Only the lines from the one containing "Standard King Room - Photo 6" to the end of the data should be copied, exactly and without pictures.

[Source data]

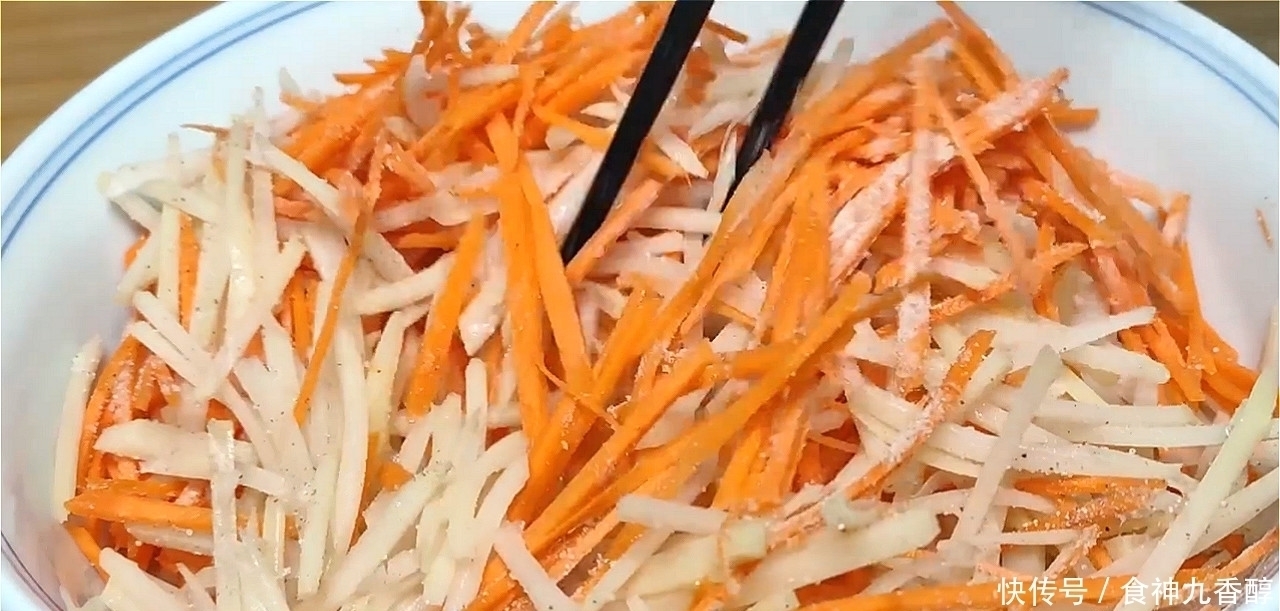 光盘|2个鸡蛋，5个土豆，创意早餐新吃法，上桌就光盘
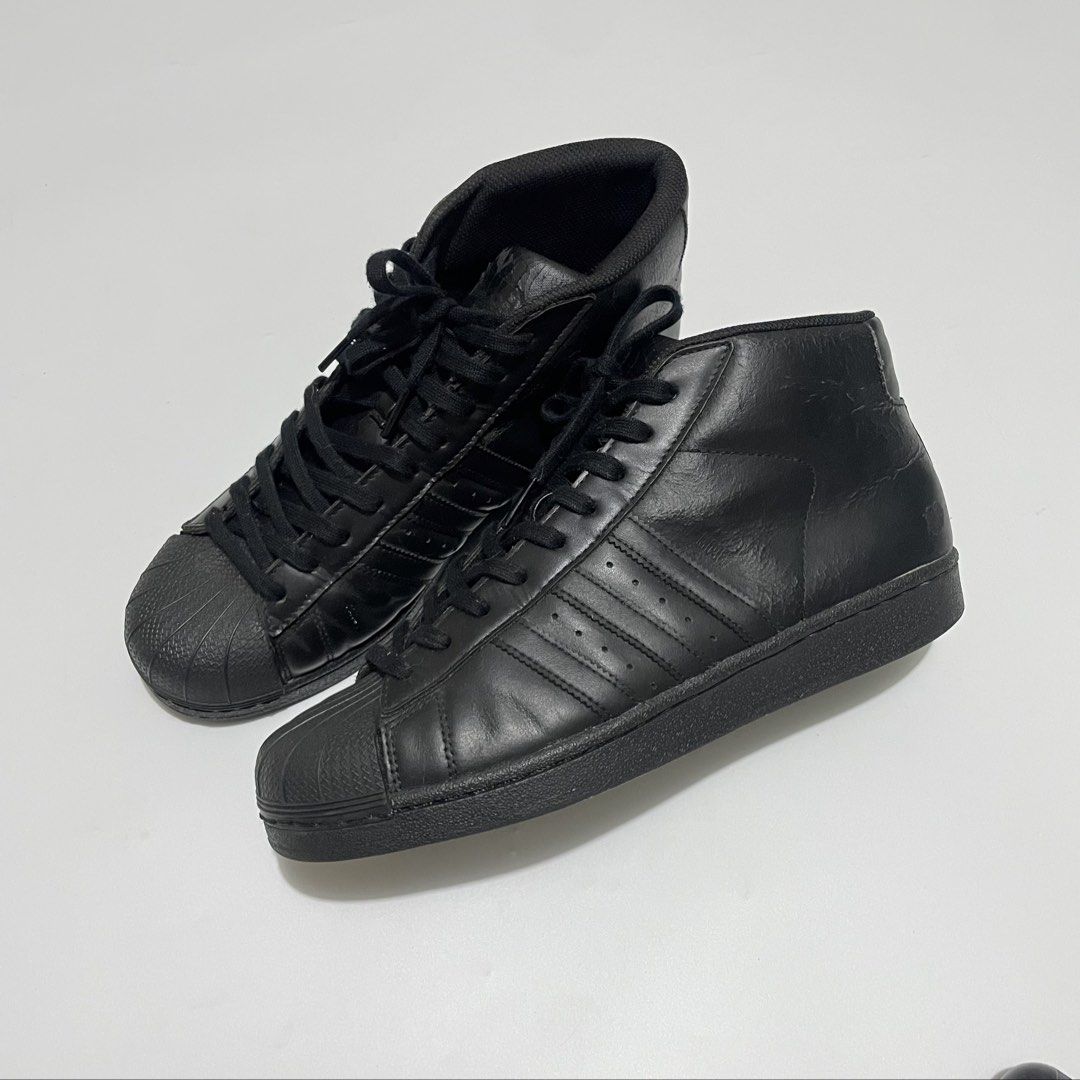 Adidas Superstar Pro Model (Triple Black) • Size 9 (Category: Sneakers) located in Marikina City. Submitted by icecoldstrategy. (Listing ID 1463641001, Image 2). Description: Adidas Superstar Pro Model (Triple Black) • Size 9 / 27 CM • Used / Scratch / Loob nya solid pa • Minimal Heeldrags • Still presentable • Hard to find (even the size) Sobrang swabe nito, IYKYK. Double check the photos for condition. Solid sya sa personal. 😉 Php • 2,500 (tak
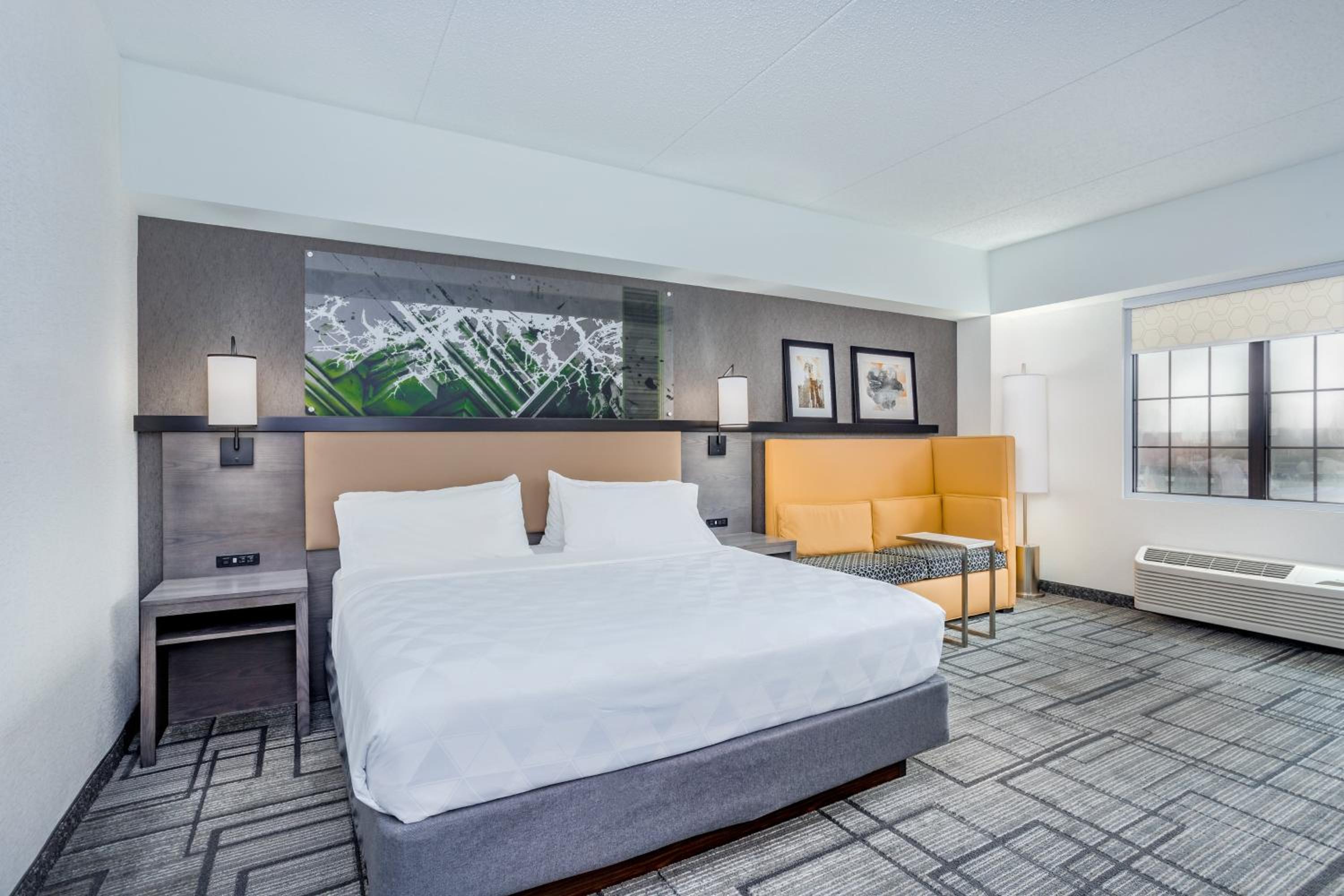 Standard King Room - Photo 6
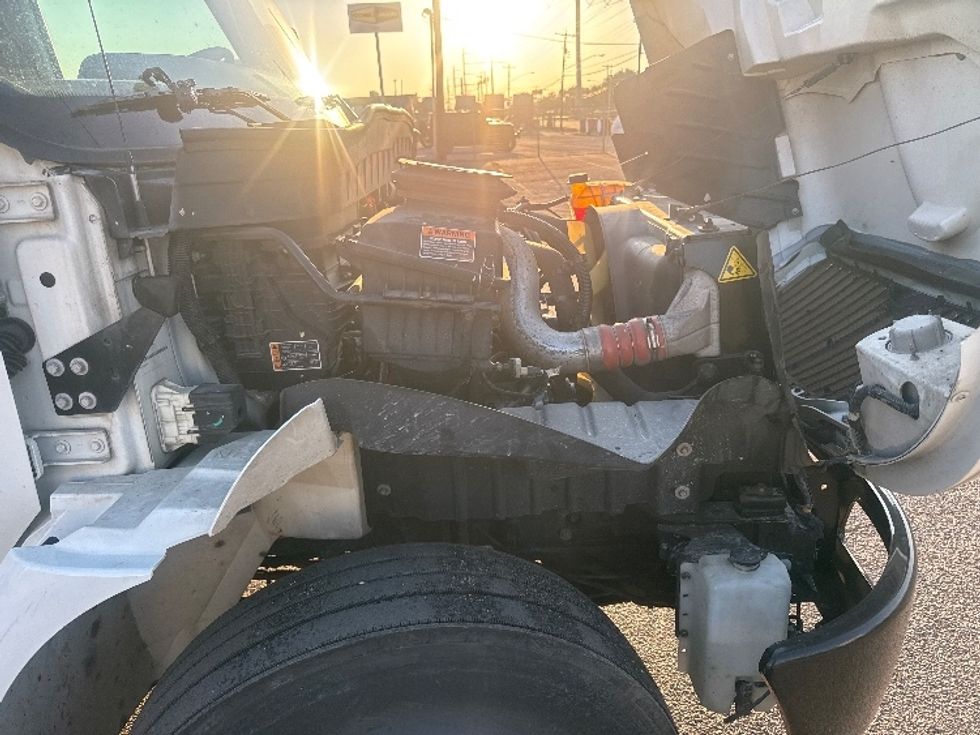 Medium Duty Box Truck-Light and Medium Duty Trucks-International-2022-MV607-Dallas-TX-240,024\n\t\tmiles-$ 43,000 - Image 22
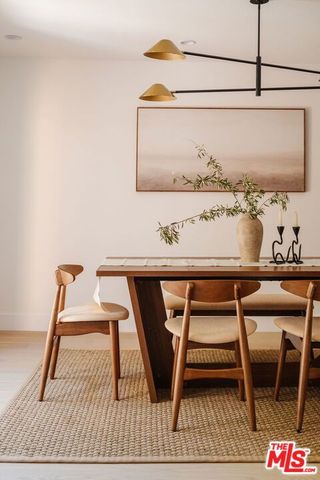 1337 Centinela Avenue 2, Santa Monica, CA 90404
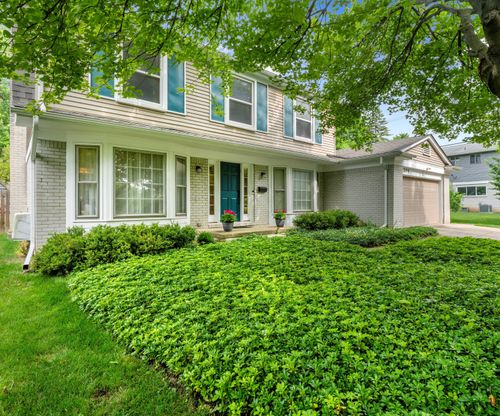 3204 Farmbrook Ct, Ann Arbor, MI, 48108-1720 | Card Image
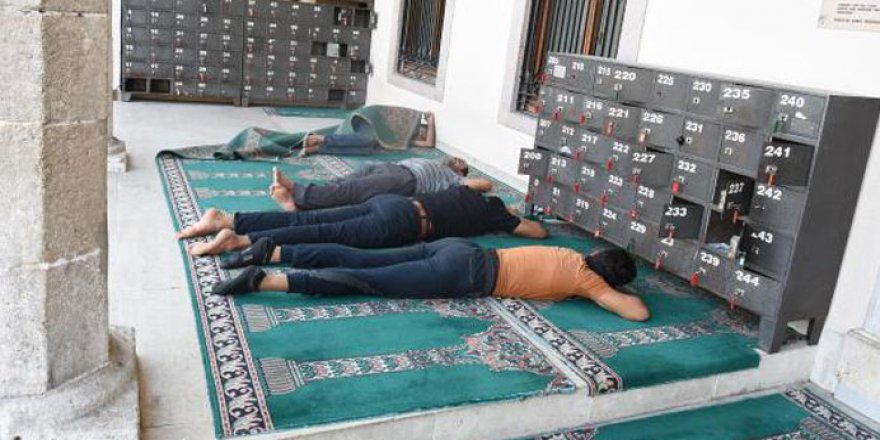 Cami sundurması evsizlerin yatakhanesi oldu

[/Source data]

▶ **Response below**:
 Standard King Room - Photo 6
 Medium Duty Box Truck-Light and Medium Duty Trucks-International-2022-MV607-Dallas-TX-240,024\n\t\tmiles-$ 43,000 - Image 22
 1337 Centinela Avenue 2, Santa Monica, CA 90404
 3204 Farmbrook Ct, Ann Arbor, MI, 48108-1720 | Card Image
 Cami sundurması evsizlerin yatakhanesi oldu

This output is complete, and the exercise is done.